Roger B. Dannenberg, Professor of Computer Science, Art & Music, Carnegie Mellon University, USA
The Music Information Retrieval community that formed around this conference has moved swiftly from a narrow set of concerns and problems to a much wider exploration that I have long characterized as “Music Understanding.” Music Understanding explores methods to find pattern and structure in music, ranging from low-level features, such as pitch and onsets, to high-level properties such keys, transcriptions, and yes, even genre. I believe that “Music Understanding” and the MIR community must broaden their scope even further, turning to music composition, improvisation, and production, for at least three reasons. First, attempts to automate music generation have had very limited success, so music generation is a good measure of the gap between music formalisms and our human understanding of music. Second, music generation research might lead to a better understanding of creativity, learning, and the brain. Finally, music generation has practical applications, and I will discuss one: music generation for music therapy. I will also summarize the history of computer-assisted composition, describe the state-of-the-art, and provide a critique intended to spur new research.

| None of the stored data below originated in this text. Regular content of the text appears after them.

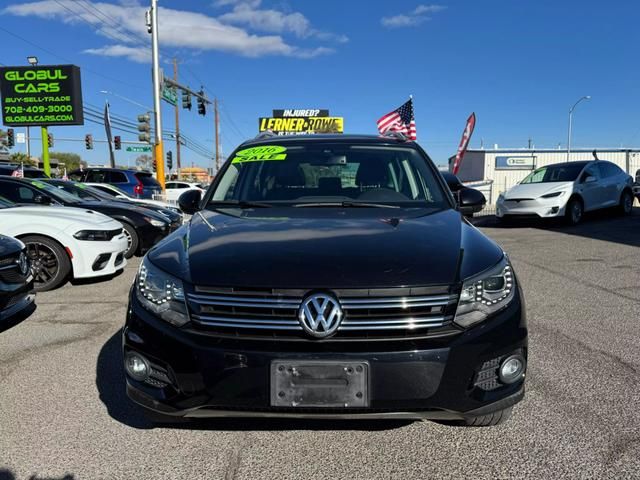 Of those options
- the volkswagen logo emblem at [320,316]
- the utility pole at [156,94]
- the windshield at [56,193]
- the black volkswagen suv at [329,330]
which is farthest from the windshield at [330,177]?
the utility pole at [156,94]

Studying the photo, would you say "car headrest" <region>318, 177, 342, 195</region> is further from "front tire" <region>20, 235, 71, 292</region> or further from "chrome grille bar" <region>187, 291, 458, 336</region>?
"front tire" <region>20, 235, 71, 292</region>

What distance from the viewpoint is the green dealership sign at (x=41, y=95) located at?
18797 mm

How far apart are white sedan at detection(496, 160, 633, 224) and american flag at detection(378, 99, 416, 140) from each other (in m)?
4.12

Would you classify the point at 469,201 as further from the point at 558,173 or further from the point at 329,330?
the point at 558,173

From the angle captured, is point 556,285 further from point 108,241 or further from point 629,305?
point 108,241

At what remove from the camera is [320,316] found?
2.16 meters

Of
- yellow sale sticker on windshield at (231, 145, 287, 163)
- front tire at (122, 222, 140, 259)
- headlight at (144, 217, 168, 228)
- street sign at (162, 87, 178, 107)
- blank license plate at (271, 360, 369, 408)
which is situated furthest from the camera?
street sign at (162, 87, 178, 107)

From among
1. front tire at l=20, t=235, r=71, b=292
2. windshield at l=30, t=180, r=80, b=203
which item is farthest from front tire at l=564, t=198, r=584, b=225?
front tire at l=20, t=235, r=71, b=292

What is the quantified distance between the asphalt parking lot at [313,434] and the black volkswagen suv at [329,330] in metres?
0.32

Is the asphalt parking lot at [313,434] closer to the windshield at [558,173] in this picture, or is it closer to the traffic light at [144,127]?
the windshield at [558,173]

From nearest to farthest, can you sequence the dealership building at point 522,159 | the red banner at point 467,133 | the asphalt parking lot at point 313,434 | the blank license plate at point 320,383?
the blank license plate at point 320,383 → the asphalt parking lot at point 313,434 → the red banner at point 467,133 → the dealership building at point 522,159

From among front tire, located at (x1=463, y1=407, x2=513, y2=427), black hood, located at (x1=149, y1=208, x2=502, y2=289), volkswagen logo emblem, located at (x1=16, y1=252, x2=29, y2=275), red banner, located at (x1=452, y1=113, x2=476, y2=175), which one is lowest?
front tire, located at (x1=463, y1=407, x2=513, y2=427)

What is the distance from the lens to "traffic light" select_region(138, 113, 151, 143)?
763 inches

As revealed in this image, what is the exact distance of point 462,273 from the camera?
2.30m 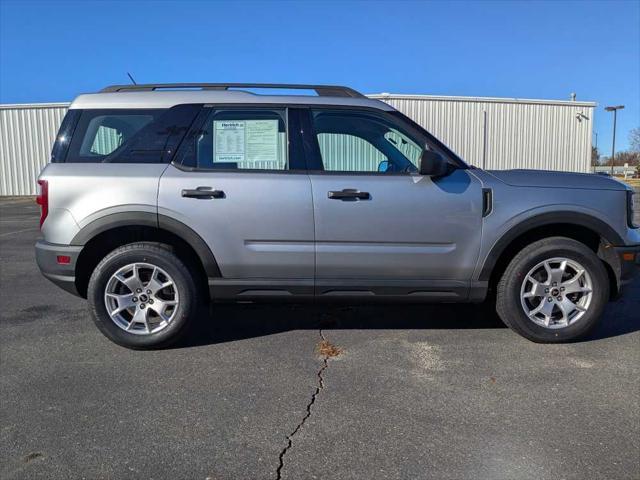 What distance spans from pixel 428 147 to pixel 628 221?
176 centimetres

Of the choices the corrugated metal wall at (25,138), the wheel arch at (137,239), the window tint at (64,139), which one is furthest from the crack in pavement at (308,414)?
the corrugated metal wall at (25,138)

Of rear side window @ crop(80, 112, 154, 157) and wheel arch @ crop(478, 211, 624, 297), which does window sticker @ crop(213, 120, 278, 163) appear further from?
wheel arch @ crop(478, 211, 624, 297)

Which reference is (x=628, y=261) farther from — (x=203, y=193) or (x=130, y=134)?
(x=130, y=134)

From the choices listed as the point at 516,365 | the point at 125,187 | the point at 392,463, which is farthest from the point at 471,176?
the point at 125,187

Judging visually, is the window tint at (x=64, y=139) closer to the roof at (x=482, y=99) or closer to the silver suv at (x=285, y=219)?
the silver suv at (x=285, y=219)

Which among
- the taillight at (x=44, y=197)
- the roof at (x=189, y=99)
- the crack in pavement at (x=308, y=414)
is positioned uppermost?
the roof at (x=189, y=99)

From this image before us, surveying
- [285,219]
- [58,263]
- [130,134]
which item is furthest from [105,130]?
[285,219]

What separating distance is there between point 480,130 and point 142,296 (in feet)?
65.7

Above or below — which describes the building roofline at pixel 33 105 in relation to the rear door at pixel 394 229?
above

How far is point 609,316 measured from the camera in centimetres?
503

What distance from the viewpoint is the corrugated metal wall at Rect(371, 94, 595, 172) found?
69.9 ft

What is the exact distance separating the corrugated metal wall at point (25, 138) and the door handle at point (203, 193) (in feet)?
71.3

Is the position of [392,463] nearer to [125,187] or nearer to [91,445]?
[91,445]

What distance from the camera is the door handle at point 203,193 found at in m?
3.97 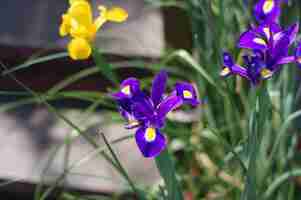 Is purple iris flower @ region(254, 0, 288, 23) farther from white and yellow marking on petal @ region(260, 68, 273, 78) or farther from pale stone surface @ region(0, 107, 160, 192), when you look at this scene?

Dr. Roger B. Dannenberg, PhD, is currently a Professor of Computer Science at Carnegie Mellon University with courtesy appointments in the Schools of Art and Music. Dr. Dannenberg studied at Rice University and Case-Western Reserve University before receiving a Ph.D. in Computer Science from Carnegie Mellon University. He also worked for Steve Jobs at NeXT as a member of the music group, MakeMusic’s commercialization of Dannenberg’s computer accompaniment research, and with Music Prodigy, an award-winning MIR-based music education start-up.
Dr. Dannenberg is an international leader in computer music and is well known especially for programming language design and real-time interactive systems including computer accompaniment. He and his students have introduced a number of innovations to the field: functional programming for sound synthesis and real-time interactive systems, spectral interpolation synthesis, score-following using dynamic programming, probabilistic formulations of score alignment, machine learning for style classification, score alignment using chromagrams, and bootstrap learning for onset detection. Dannenberg is also the co-creator of Audacity, an open-source audio editor used by millions.
Dr. Dannenberg is an active trumpet player and composer. His trumpet playing includes orchestral, jazz, and experimental music with electronics, and his opera, La Mare dels Peixos, co-composed with Jorge Sastre, premiered in Valencia, Spain in December 2016.